Every line in the listing below from the one with "Conjunto pijama +" through the one with "Load image into" is to be reproduced exactly, both ends included; leave out the rest.
***** Records supplied *****
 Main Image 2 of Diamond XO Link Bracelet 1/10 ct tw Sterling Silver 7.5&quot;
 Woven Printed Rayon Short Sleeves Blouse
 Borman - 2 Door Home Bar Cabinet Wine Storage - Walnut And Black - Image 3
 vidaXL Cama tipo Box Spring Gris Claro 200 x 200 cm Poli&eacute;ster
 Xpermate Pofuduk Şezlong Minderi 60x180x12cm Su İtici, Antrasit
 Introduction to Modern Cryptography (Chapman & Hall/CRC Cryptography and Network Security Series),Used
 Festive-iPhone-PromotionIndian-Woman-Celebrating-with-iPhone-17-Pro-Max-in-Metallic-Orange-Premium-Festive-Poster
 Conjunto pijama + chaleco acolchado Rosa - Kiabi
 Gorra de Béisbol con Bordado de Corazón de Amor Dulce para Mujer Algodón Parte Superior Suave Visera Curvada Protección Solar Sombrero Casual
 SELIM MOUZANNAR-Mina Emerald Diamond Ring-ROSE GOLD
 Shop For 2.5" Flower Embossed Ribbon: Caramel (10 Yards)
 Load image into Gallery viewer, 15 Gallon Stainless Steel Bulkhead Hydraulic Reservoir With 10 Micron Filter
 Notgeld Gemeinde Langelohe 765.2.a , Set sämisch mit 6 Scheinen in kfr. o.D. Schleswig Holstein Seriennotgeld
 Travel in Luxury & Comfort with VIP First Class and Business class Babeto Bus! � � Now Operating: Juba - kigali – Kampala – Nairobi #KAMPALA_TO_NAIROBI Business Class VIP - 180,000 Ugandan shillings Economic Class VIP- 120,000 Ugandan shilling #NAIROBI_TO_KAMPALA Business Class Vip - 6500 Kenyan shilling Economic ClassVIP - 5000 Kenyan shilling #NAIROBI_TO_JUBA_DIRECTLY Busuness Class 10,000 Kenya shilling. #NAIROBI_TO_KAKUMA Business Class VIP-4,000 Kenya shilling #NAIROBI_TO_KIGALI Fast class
*****
Solution below
 Conjunto pijama + chaleco acolchado Rosa - Kiabi
 Gorra de Béisbol con Bordado de Corazón de Amor Dulce para Mujer Algodón Parte Superior Suave Visera Curvada Protección Solar Sombrero Casual
 SELIM MOUZANNAR-Mina Emerald Diamond Ring-ROSE GOLD
 Shop For 2.5" Flower Embossed Ribbon: Caramel (10 Yards)
 Load image into Gallery viewer, 15 Gallon Stainless Steel Bulkhead Hydraulic Reservoir With 10 Micron Filter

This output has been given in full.